Procédure allégée ne veut pas dire moins de poids sur les épaules !
En décembre 2017, le président Trump a donné force de loi au Tax Cuts and Jobs Act (TCJA) en y apposant sa signature. Le Tax Cuts and Jobs Act a apporté des changements importants au Code des impôts américain (le Internal Revenue Code [IRC]), comme l’introduction d’une taxe transitoire sous l’article 965 de ce code. Cette taxe vise en l’occurrence les revenus que certaines sociétés étrangères ont accumulés entre les mains de leurs actionnaires américains et marque un départ vers l’imposition des revenus actifs des sociétés étrangères.
L’introduction de la taxe transitoire signifie que les revenus actifs des sociétés étrangères pourront désormais être imposés chaque année à travers leurs actionnaires, et notamment sous le régime GILTI1. Au cours de l’année civile 2021, ces années ont toutefois commencé à se retrouver en dehors de la période de divulgation décrétée par un certain programme de divulgation volontaire. Par voie de conséquence, les contribuables concernés pouvaient se mettre en règle (et éviter, le cas échéant, la taxe transitoire ainsi qu’une partie du GILTI) sans que la période de divulgation soit amendée.

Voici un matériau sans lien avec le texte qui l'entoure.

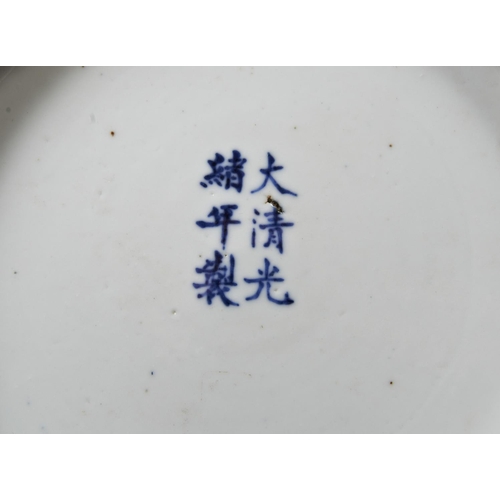 144 - BLUE AND WHITE LOTUS DISHGUANGXU SIX CHARACTER MARK AND OF THE PERIODpainted in tones of underglaze ... 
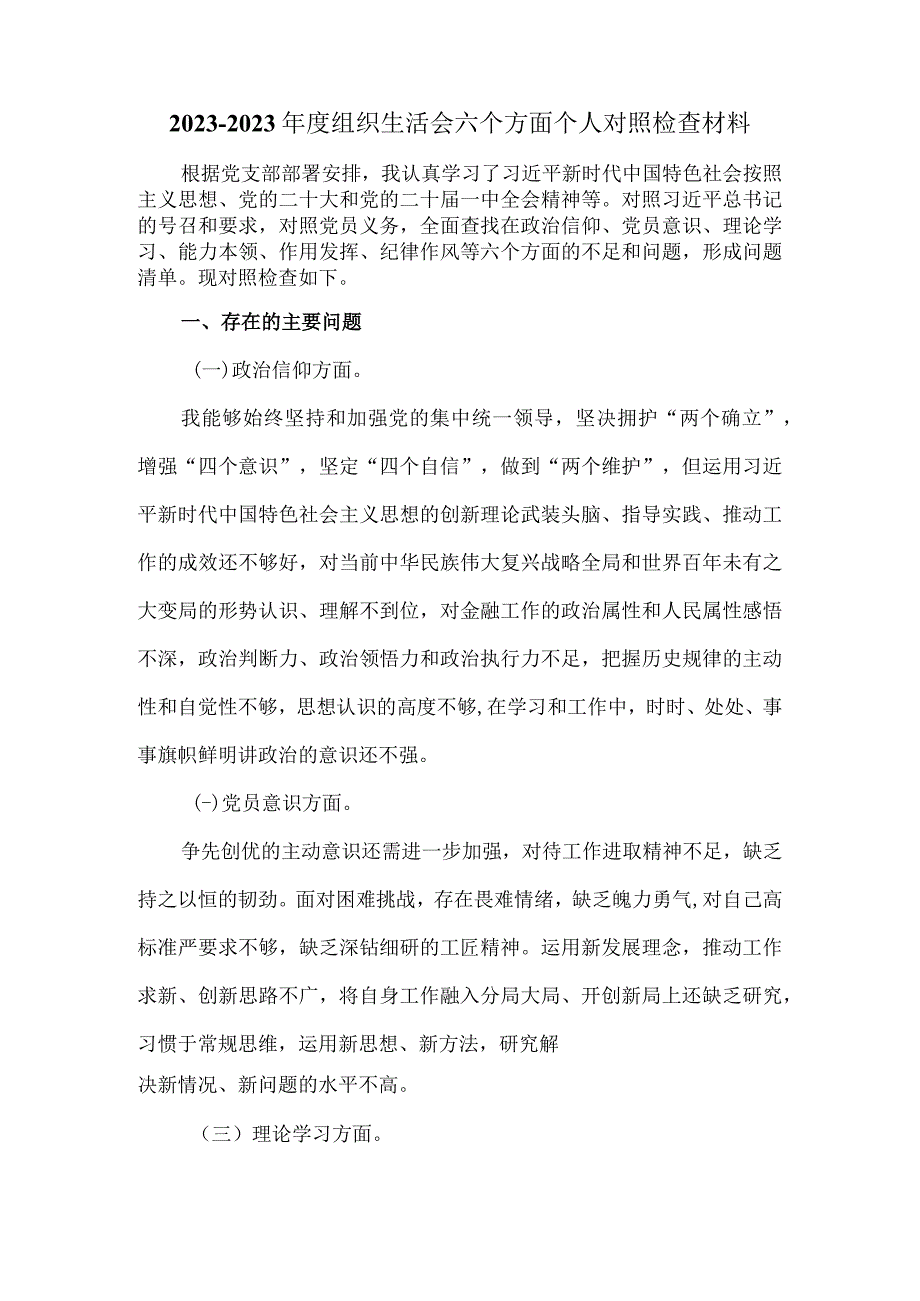 2023年组织生活会六个方面对照检查材料范文一.docx_第2页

Le programme de divulgation volontaire en question s’appelle le Streamlined Filing Compliance Procedures (« Procédures allégées pour l’observation des exigences de déclaration ») et exige de la part des personnes souhaitant se conformer aux exigences de déclaration fédérales qu’ils soumettent leurs trois dernières déclarations de revenus. Si un contribuable n’avait pu soumettre à temps sa déclaration de revenus pour 2020 (en 2021), il pouvait, en vertu des règles existantes, se mettre en règle en produisant les déclarations de revenus relatives aux années 2018 - 2020 — et éviter pleinement la taxe transitoire. C’est pour cette raison que l’échéance prescrite pour la production des déclarations de revenus relatives à 2020 a été jugée trop serrée par de nombreux membres de la communauté fiscale pour la clôture (par l’IRS) du programme de procédures allégées.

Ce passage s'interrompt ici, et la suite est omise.